On the other hand, bills have a straightforward and specific purpose: to notify you that you need to pay your doctor. They'll typically include a breakdown of the charges, show you any adjustments or insurance payments, and then conclude with the balance due. Typically, the bill should also provide instructions for making that payment, usually by calling the clinic, mailing in payment info, or visiting their website.

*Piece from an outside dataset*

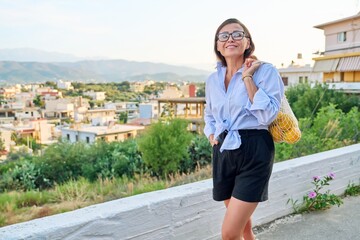 Eco tourism, woman walking relaxing in European mountain village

What should you do with them?
Typically, you should receive your EOB before you get your bill, and you probably shouldn't pay your bill until you've had a chance to review your EOB. You see, your bill and your EOB work in tandem, telling you two sides of a story. And it's your job to make sure that the story they're telling you is accurate.
But how do you do that?
You should start by reviewing your EOB for accuracy, as we mentioned above. Review it closely and ensure that you're not being charged for any services you didn't receive. Next, review your bill for the same purpose. Then, compare the two. Make sure that the total charges match, that any payments and adjustments match, and most importantly, that the balance due matches. If there is a problem with any of these numbers matching, or with any inaccuracies on these documents, it's probably time to make some phone calls and get down to the bottom of it. While you're doing that, try to remember that mistakes happen, and always be kind!
Once you are satisfied with the accuracy of your insurance coverage, the services charged, and the balance due, it's time to pay the bill. You'll want to use the instructions on the bill to pay the balance. Don't just write a check to Dr. Kapoor and throw it in the mail. Instead, follow the directions for how your doctor accepts payment. Don’t forget that you may be able to negotiate a payment plan through your provider if you need one!
Finally, after you've paid your bill, you should make a habit of keeping both your EOB's and your bills for your records. If you don't want to keep a file full of papers, you could consider scanning, or taking photos of, your bills and EOB's and maintaining a digital file folder. You could also inquire with your insurance provider and your doctor about potentially receiving the documents electronically.
What should Charles do?
Now that we understand a bit better the difference between an EOB and a bill, what do we think our friend Charles should do? What are his next steps?
The answer is simple: wait for the bill.
Remember, you don't pay an EOB. You only pay bills.